Comparisons of the no-party candidates' public campaign records show similarities and connections that suggest they are all linked by funding from the same dark money donors, and part of an elaborate scheme to upset voting patterns.
In one of those races, District 37, a recount is underway because the spread between the Democratic and Republican candidates is only 31 votes. The third party candidate received more than 6300 votes.
That third party candidate is Alexis Rodriguez, who has the same last name as the Democratic incumbent senator Jose Javier Rodriguez. The Republican challenger is Ileana Garcia.

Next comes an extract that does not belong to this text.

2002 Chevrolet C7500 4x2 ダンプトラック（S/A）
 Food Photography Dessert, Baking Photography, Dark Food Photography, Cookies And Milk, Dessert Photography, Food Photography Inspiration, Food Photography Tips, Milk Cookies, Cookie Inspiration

Alexis Rodriguez falsified his address on his campaign filing form last June. The couple who now live at the Palmetto Bay address say they have been repeatedly harassed since then by people looking for Rodriguez, who hadn’t lived there in five years.
Local 10 visited Rodriguez’s place of business Tuesday, where Rodriguez lied about his identity. Pretending to be a business partner, Rodriguez shed little light on his sudden candidacy in the District 37 race and lack of fundraising or campaigning.
Local 10 began investigating Rodriguez’s candidacy because of a hunch by Executive Producer Natalie Morera de Varona last month. She was collecting candidates' headshots for election broadcast graphics and was curious why a candidate was nowhere to be found, not returning phone calls.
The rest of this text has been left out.